* **What to work on**: In the records below, the line that contains "Photo n°5 de" marks the start. Copy it and each line after it through the end, exactly, without pictures.

Short web captions:
★ ★ ★ ★ ★ ★ ★
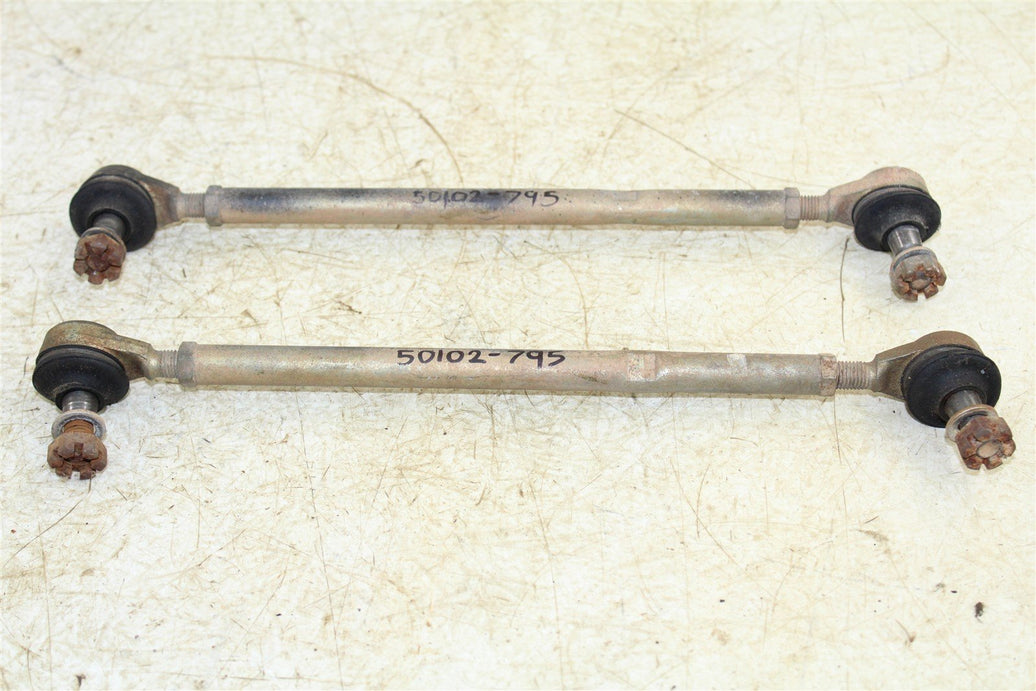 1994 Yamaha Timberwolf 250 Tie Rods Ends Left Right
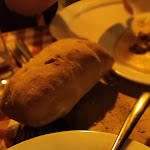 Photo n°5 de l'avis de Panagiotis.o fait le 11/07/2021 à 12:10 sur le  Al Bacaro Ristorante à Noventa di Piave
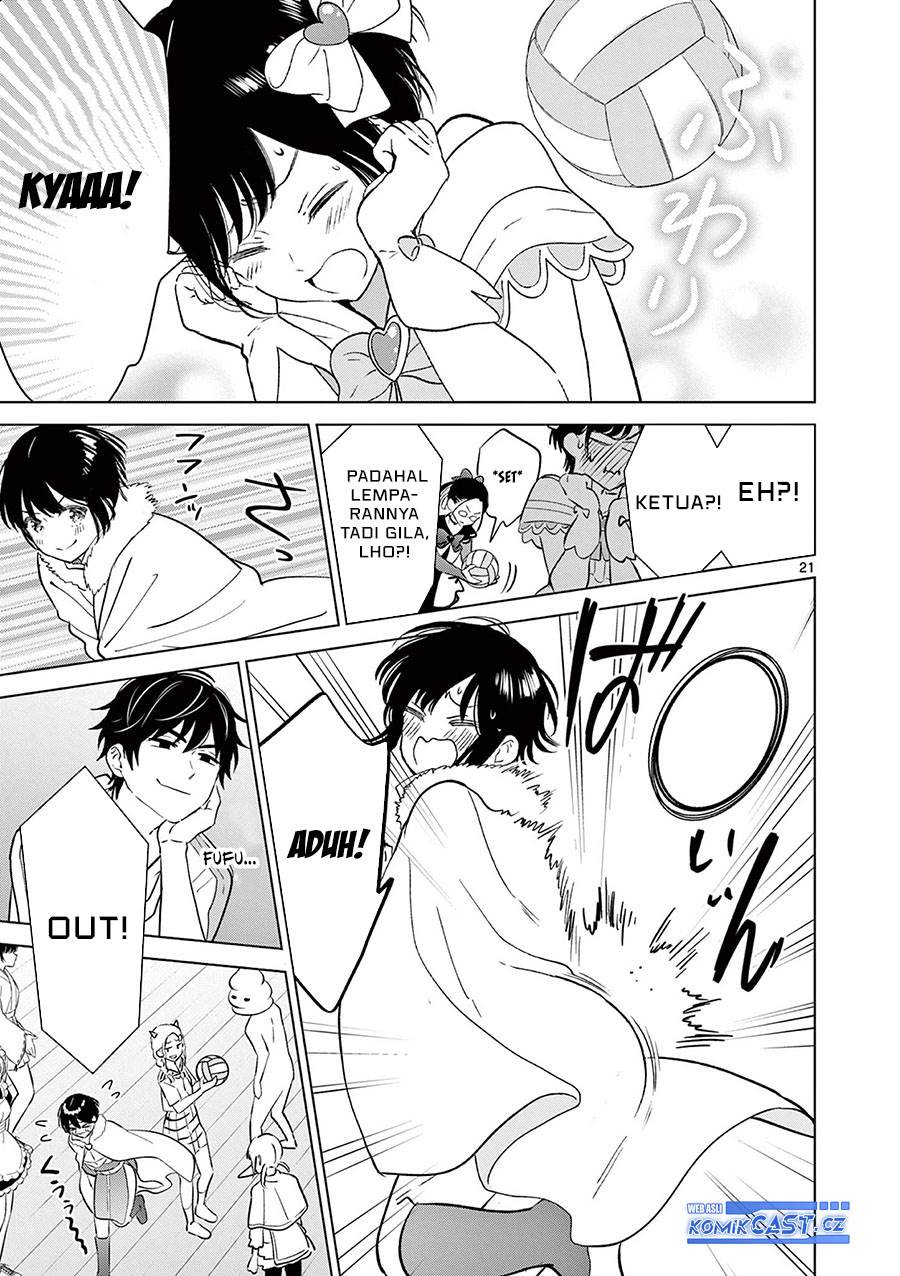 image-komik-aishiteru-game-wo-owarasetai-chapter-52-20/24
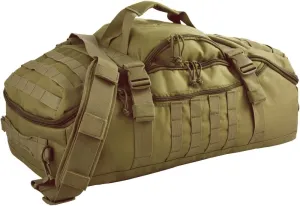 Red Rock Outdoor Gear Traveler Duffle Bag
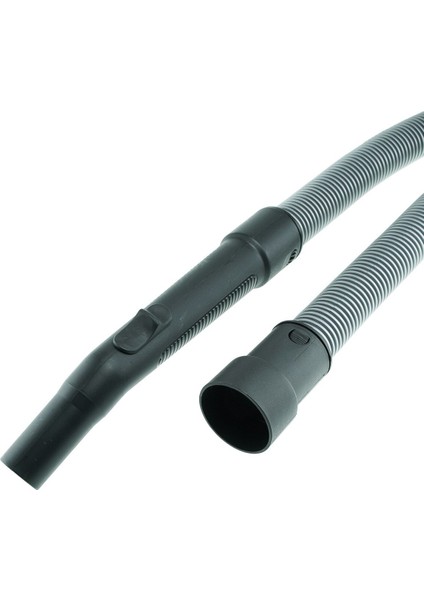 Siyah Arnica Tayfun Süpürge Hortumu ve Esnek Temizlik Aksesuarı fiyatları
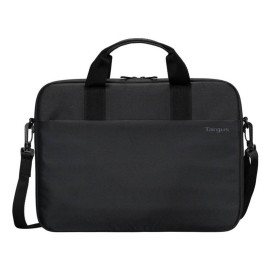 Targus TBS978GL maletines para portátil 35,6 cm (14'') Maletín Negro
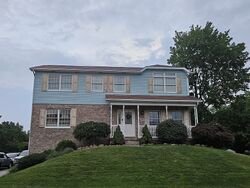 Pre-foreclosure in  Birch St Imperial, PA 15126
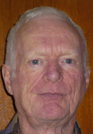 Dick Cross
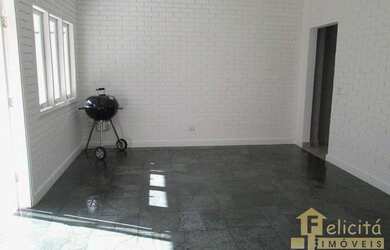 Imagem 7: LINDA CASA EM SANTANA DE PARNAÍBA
★ ★ ★ ★ ★ ★ ★
* **Solution to this exercise**:
 Photo n°5 de l'avis de Panagiotis.o fait le 11/07/2021 à 12:10 sur le  Al Bacaro Ristorante à Noventa di Piave
 image-komik-aishiteru-game-wo-owarasetai-chapter-52-20/24
 Red Rock Outdoor Gear Traveler Duffle Bag
 Siyah Arnica Tayfun Süpürge Hortumu ve Esnek Temizlik Aksesuarı fiyatları
 Targus TBS978GL maletines para portátil 35,6 cm (14'') Maletín Negro
 Pre-foreclosure in  Birch St Imperial, PA 15126
 Dick Cross
 Imagem 7: LINDA CASA EM SANTANA DE PARNAÍBA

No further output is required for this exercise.